Your task. All lines in the material with the string "Logo" should be listed.

Data.
#####
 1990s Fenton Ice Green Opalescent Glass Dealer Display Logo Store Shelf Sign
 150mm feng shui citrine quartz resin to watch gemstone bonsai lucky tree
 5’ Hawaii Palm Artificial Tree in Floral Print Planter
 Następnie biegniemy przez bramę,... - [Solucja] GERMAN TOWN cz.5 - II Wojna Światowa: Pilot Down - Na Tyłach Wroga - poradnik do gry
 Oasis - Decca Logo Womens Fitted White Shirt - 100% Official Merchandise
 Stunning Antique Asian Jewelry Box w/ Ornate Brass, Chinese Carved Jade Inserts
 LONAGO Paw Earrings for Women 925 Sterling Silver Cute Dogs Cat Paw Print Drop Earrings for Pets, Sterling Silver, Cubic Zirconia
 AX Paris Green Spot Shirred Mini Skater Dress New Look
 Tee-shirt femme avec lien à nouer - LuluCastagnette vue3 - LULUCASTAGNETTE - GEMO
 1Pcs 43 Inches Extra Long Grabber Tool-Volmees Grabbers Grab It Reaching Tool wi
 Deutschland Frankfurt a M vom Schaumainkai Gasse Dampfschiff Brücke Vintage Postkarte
#####
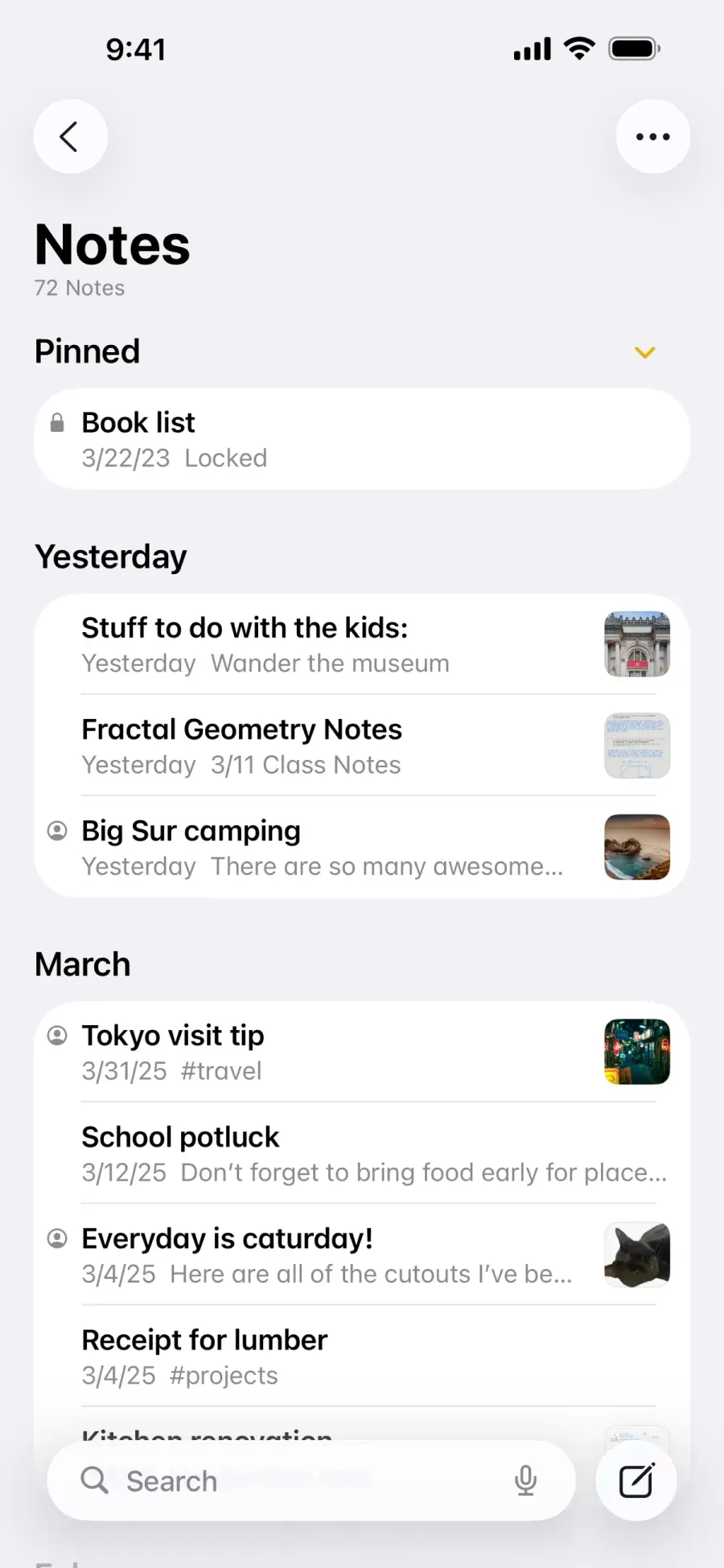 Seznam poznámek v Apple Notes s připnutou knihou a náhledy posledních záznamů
#####
Task result.
 1990s Fenton Ice Green Opalescent Glass Dealer Display Logo Store Shelf Sign
 Oasis - Decca Logo Womens Fitted White Shirt - 100% Official Merchandise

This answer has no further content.